Not this year. It was so refreshing to see the arts appreciated by brands and activated for what they can be – truly creative platforms on which to talk to an intelligent and passionate audience.

One reason for this is that brands are embracing digital technology and social media to engage audiences. Arts sponsorships often suffer in the numbers game. It used to be the case that a theatre could only sell all its seats once – not any more. Social media, streaming and live broadcasts have opened up fantastic opportunities for audience reach.

I loved Samsung and the Royal Shakespeare Company’s creativity – it used rap star Professor Green to play with Shakespearian language in a virtual reality app and series of YouTube films alongside a schools programme.

But it couldn’t beat Swarovski’s sponsorship of Savage Beauty which was a masterclass in fit and integration. Lee McQueen had used Swarovski crystals and bespoke materials in his collections since 1999 and Swarovski opened up their archive providing 30 stellar pieces.
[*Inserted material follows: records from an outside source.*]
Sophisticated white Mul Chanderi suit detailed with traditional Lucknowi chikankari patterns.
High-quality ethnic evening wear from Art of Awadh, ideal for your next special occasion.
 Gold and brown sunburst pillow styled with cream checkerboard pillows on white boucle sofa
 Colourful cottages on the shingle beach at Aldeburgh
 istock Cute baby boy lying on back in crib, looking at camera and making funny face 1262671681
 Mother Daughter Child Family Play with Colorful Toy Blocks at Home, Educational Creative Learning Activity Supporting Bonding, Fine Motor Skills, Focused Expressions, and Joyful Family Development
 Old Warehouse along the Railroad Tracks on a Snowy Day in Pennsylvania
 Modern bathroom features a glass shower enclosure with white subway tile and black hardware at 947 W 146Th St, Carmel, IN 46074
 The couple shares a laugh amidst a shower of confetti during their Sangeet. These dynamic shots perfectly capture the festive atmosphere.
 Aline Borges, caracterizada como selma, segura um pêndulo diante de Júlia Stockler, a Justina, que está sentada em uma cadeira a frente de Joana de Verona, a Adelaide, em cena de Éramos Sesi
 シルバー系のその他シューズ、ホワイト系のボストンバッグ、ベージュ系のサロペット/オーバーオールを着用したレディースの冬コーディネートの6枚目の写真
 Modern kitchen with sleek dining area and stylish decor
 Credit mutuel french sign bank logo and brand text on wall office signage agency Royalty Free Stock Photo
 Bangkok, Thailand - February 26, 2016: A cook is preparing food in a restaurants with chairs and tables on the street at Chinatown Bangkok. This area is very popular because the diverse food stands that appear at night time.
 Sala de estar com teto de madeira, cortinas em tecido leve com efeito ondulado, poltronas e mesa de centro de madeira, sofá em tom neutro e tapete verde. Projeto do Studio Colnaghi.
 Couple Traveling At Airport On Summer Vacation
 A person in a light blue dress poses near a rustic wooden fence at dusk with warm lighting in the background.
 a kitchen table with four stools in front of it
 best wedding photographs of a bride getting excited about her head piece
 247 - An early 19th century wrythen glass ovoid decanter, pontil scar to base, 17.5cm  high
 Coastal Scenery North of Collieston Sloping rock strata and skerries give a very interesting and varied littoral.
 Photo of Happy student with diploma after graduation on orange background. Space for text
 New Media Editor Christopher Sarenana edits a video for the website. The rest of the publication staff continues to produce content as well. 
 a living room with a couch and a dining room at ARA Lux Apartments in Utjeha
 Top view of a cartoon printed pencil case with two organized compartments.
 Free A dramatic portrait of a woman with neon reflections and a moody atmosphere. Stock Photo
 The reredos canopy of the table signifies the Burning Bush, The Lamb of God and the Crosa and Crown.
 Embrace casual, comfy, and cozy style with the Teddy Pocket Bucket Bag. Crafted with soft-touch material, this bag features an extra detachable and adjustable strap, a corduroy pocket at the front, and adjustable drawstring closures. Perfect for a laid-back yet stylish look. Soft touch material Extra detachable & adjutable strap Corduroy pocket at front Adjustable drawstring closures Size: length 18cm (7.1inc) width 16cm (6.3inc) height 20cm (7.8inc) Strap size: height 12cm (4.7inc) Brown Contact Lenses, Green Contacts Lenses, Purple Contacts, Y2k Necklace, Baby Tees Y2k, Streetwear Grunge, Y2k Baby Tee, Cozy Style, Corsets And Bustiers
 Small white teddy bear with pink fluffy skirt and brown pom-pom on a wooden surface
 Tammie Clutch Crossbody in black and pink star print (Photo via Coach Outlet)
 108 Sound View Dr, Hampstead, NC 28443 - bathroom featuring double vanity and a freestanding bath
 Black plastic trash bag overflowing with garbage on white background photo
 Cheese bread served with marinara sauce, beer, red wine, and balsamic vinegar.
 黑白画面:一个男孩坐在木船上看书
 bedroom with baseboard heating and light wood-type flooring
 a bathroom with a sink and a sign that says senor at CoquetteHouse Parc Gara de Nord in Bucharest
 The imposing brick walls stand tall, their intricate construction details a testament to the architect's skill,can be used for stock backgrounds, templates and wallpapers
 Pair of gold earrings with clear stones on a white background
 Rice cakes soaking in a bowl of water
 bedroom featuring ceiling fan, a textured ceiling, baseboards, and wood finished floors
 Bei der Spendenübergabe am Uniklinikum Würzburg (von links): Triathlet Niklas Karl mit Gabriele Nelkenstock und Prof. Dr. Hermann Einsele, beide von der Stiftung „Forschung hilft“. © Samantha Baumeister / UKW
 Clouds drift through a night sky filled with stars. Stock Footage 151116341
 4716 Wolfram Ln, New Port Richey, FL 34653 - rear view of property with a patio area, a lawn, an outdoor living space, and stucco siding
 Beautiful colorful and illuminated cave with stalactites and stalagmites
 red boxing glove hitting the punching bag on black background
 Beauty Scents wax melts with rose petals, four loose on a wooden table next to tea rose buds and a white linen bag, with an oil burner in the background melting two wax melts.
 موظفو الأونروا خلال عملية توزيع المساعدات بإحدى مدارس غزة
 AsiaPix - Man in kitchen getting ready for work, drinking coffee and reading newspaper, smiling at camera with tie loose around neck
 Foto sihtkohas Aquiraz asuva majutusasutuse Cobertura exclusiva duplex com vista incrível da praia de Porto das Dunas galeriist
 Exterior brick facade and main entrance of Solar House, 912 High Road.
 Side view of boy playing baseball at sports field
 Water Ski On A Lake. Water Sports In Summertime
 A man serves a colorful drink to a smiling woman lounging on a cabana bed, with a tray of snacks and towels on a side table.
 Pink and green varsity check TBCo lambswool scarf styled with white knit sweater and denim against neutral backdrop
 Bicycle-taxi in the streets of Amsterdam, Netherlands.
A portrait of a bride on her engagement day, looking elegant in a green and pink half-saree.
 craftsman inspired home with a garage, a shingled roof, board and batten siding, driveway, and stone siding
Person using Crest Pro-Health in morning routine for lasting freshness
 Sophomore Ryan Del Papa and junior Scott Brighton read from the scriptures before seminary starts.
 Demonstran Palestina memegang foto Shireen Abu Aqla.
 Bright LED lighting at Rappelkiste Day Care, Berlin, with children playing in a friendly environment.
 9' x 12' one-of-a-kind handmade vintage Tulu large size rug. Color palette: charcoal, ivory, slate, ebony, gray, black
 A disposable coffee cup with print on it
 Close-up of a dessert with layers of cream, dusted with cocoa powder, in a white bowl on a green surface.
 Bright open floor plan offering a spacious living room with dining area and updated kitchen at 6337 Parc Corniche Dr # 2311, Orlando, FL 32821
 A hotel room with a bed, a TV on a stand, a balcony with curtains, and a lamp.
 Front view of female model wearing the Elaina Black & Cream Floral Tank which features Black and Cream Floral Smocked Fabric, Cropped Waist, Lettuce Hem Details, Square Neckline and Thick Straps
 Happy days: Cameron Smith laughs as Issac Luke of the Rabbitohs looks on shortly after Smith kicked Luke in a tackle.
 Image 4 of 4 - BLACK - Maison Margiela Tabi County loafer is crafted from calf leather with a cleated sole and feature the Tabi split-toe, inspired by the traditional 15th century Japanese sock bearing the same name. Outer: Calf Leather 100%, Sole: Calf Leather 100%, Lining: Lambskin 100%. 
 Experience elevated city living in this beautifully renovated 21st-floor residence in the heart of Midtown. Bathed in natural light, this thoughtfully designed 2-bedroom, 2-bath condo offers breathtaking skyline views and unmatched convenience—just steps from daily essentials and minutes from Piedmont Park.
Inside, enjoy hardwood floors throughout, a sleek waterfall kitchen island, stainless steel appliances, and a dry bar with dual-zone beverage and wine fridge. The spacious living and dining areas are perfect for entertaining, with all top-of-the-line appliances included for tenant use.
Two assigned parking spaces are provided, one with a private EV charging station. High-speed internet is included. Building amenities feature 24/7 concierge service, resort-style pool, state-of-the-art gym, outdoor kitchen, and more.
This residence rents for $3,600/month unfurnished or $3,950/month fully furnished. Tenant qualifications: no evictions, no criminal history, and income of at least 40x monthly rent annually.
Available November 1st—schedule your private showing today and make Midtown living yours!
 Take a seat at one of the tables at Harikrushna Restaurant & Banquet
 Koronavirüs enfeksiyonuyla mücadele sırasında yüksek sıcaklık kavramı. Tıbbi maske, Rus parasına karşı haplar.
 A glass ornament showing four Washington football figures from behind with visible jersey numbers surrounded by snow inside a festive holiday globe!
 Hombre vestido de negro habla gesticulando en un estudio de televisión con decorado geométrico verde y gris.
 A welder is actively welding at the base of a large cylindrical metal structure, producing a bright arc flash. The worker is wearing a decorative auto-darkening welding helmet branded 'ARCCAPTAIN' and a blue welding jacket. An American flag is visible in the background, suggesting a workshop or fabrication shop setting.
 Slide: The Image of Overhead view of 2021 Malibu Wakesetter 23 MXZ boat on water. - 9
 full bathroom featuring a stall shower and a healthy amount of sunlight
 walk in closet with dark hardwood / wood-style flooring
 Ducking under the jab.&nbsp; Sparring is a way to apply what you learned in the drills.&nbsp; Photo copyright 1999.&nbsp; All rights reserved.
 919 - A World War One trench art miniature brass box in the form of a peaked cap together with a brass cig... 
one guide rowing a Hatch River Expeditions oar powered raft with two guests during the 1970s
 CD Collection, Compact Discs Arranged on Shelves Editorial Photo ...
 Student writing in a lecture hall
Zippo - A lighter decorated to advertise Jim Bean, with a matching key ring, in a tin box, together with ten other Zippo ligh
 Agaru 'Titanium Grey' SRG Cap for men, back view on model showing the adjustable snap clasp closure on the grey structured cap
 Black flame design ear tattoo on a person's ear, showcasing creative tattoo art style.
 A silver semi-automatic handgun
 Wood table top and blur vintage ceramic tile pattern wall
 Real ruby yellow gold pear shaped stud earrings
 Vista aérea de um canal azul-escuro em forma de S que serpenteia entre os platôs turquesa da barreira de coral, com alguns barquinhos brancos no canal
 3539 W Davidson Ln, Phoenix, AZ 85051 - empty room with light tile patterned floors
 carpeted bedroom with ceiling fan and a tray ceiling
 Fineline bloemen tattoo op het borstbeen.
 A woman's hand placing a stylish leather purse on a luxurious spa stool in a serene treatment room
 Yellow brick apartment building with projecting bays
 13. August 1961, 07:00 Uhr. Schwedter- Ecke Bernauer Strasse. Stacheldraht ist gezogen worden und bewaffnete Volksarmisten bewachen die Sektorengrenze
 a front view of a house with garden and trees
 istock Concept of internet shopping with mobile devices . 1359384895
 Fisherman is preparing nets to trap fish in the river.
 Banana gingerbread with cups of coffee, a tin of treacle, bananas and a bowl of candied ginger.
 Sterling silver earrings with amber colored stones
They also worked hard to activate the sponsorship promoting craftsmanship, innovation and technology through a student competition with Central St Martins, periscope broadcasts and interactive Blippar content promoted via fold-out limited edition Nick Knight posters. They followed through in store and on line with films and supporting content, really engaged the fashion media and even managed to get the V&A shop to sell their crystal.

Wonderful to see the collaborative attitude and inspirational approach of the designer carried through to the partnership itself. Well done everyone involved.